Farmers should have federally subsidized crop insurance, and under-insured farmers shouldn't be bailed out, her office said.
Last week, Haley asked the state's congressional delegation for $140 million to help homeowners, many of whom had no flood insurance. Her letter did not include any direct aid for farmers. Instead, she asked the U.S. Department of Agriculture to expedite insurance payments to farmers.
"The governor does not believe we should treat farmers differently than any other business owner in South Carolina," said her spokeswoman Chaney Adams.
Her stance puts her at odds with GOP Agriculture Commissioner Hugh Weathers and Republican legislators. A Senate panel studying the storm's cost voted unanimously before the farmers' news conference to send Haley a letter urging her to change her mind. At the event, several Republican House members took the podium to ask her to sign the request.
Even for those with insurance, payments won't come close to covering farmers' costs, Weathers said.
"If every farm in South Carolina had picked the best crop insurance options available, the insurance proceeds still would not cover the basic cost of putting that acre of corn, cotton, soybeans in the ground," Weathers told the Senate panel.

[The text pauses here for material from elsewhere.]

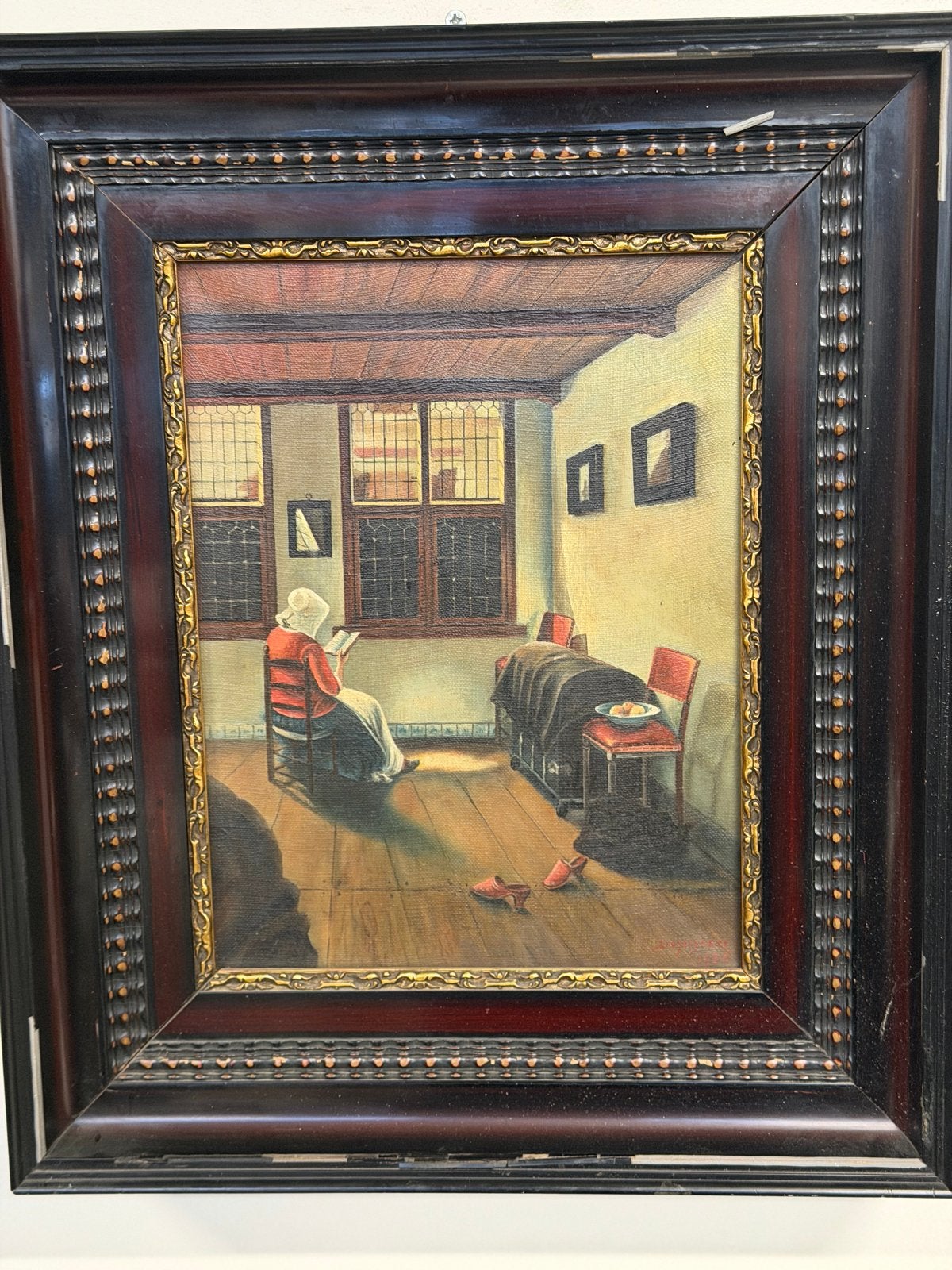 Klassiek olieverfschilderij 'Lezende Vrouw' gesigneerd, Antiek en Kunst, Doek, Portret of Personen, Ophalen of Verzenden, Gesigneerd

Losses didn't stop with the initial flooding. While the Oct. 2-5 storm that dumped 2 feet of rain on parts of the state did the bulk of the damage, the continued rainfall worsened the problem, as crops rotted in the fields, Weathers said.
The estimated losses include $330 million worth of crops destroyed or damaged in the field at harvest time and $46 million in winter crops that can't be planted in the muck, Weathers said.

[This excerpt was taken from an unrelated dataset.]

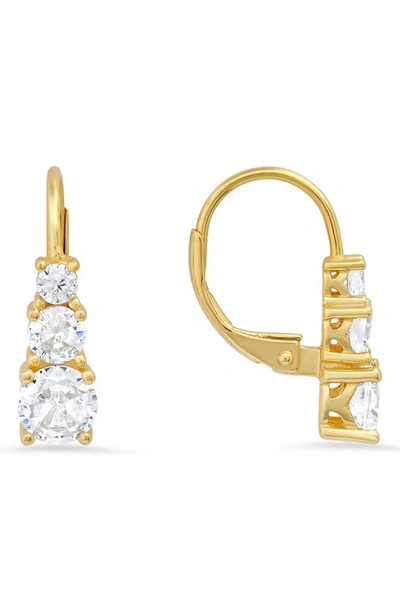 Queen Jewels Triple Cz Leverback Earrings In Gold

While Haley's advocacy wouldn't automatically cause Congress to put the money in the federal budget, a request won't be seriously considered without her backing, Weathers said.
"Please request the funds and help save our communities," said fourth-generation farmer Jeremy Cannon of Turbeville, who was among hundreds of farmers who crowded outside Haley's office. "There is no revenue. We need your help, and we need it fast."

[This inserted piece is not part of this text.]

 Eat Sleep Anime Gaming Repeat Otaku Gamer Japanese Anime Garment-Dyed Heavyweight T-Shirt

State Farm Bureau President Harry Ott, elected to the job Saturday, said farms are different than other small businesses.
"We spend money 11 months out of the year so we can harvest one month of the year," said Ott, a St. Matthews farmer and the state House's former Democratic leader. "Unfortunately, this year the flood occurred right at harvest season."
Farm loans are coming due Dec. 31, and the banks will start sending out unpaid notices in January, he said.
"Without this federal assistance, there will be family farms foreclosed on, and generational farmers will find themselves with their property sold on the steps of the courthouse," Ott said.
Most of the state's 25,000 farmers were affected, he said.
Like other businesses, farmers can apply for emergency, low-interest loans from the federal government. But they must prove they can't get credit from a bank, while also showing they have the cash flow to pay for a loan. Many farmers already are deep in debt on fields where equipment literally can't "stand up," Weathers said. "It would sink in the mud."
Rep. Mac Toole, R-West Columbia, said farmers have had the worst possible year, with devastating floods following the summer's drought. Farmers are being forced to spend more money to harvest fewer acres of crops of diminishing worth, he said.
"If ever farmers needed assistance, this is the situation," he said.